Intervention de Catherine Tasca

Réunion du 11 mai 2015 à 21h45
Réforme de l'asile — Discussion en procédure accélérée d'un projet de loi dans le texte de la commission

Photo de Catherine TascaCatherine Tasca :

Madame la présidente, monsieur le ministre, messieurs les rapporteurs, mes chers collègues, le projet de loi que nous examinons aujourd’hui traite d’une question fondamentale, celle du droit de l’asile. Il s’agit en effet d’un droit de nature constitutionnelle et conventionnelle. Nous devons porter au crédit du Gouvernement de s’être saisi de ce sujet et d’avoir remis l’ouvrage sur le métier, car nous avons assisté à la déliquescence de notre système d'asile pendant de trop nombreuses années. Alors qu’aucune réforme n’est intervenue depuis 2003, il est grand temps de réagir, comme l’Europe nous y oblige !

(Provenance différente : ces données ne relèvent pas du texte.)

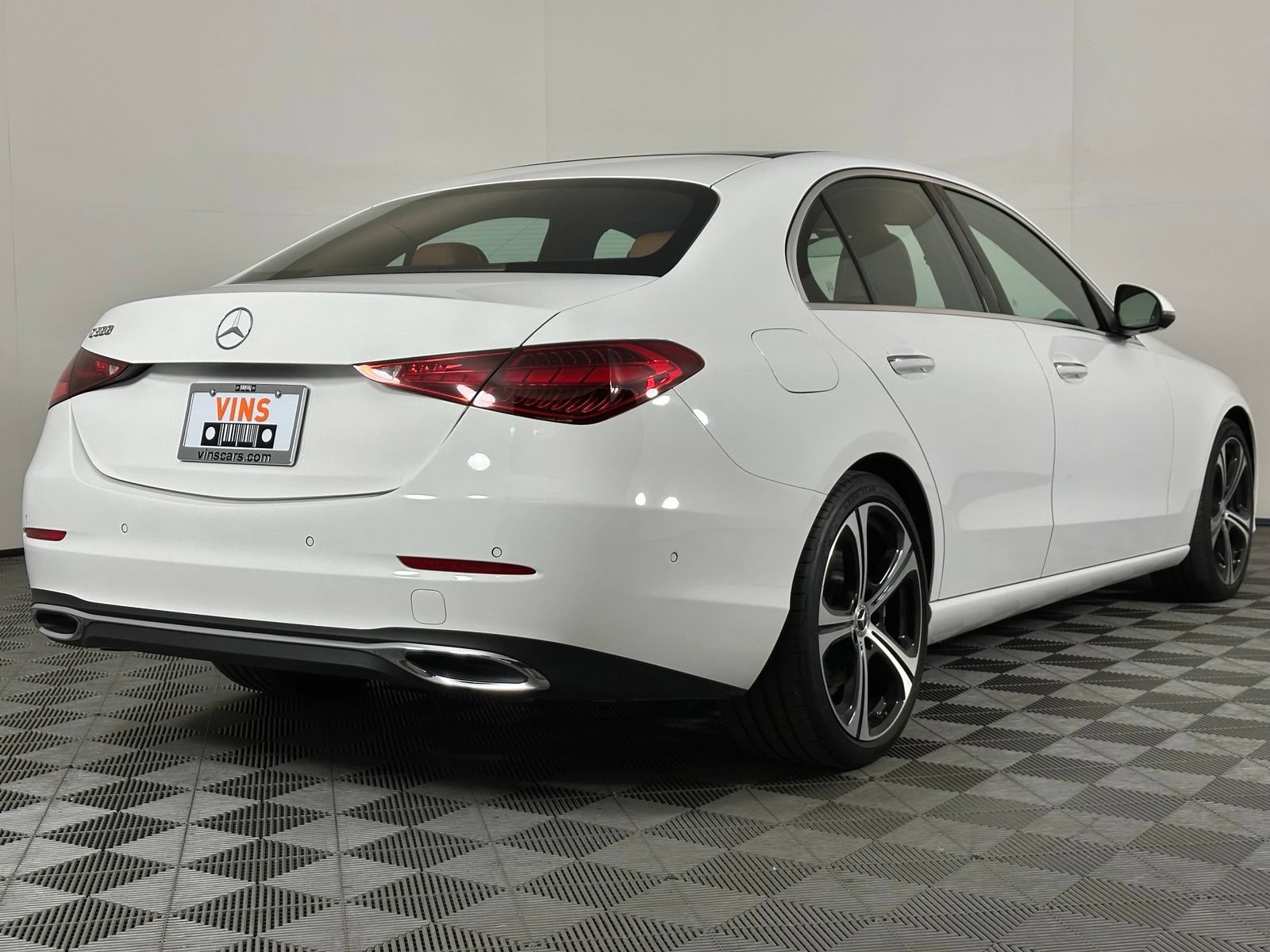 Used 2025 Mercedes-Benz C 300 Sedan image 4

Il nous faut d'emblée écarter tout amalgame entre la politique de l'asile et les politiques de l'immigration et bien distinguer ces deux champs de l’action publique. À cet égard, plusieurs des collègues qui sont intervenus précédemment nous ont démontré combien la tentation est forte de confondre ces politiques et combien elle pollue le regard porté sur le droit d’asile. Nous ne les suivrons donc pas sur ce terrain.

Le droit d'asile est ancré dans notre histoire. Or il nous est impossible, aujourd'hui, de nier le manque d'efficacité de nos procédures, l'insuffisance de notre offre d’hébergement, les inégalités juridiques que subissent les différents demandeurs d'asile et les carences liées à l'accueil et à l'accompagnement de ces derniers sur notre territoire.

Actuellement, le délai pour qu’un demandeur d’asile obtienne une réponse définitive à sa demande avoisine les vingt-quatre mois. Cette situation est inacceptable ! Je pense également au coût élevé qu’induisent la longueur de ces délais et le manque de places dans les centres d'accueil de demandeurs d'asile, les CADA, qui entraîne des placements en hébergement d’urgence.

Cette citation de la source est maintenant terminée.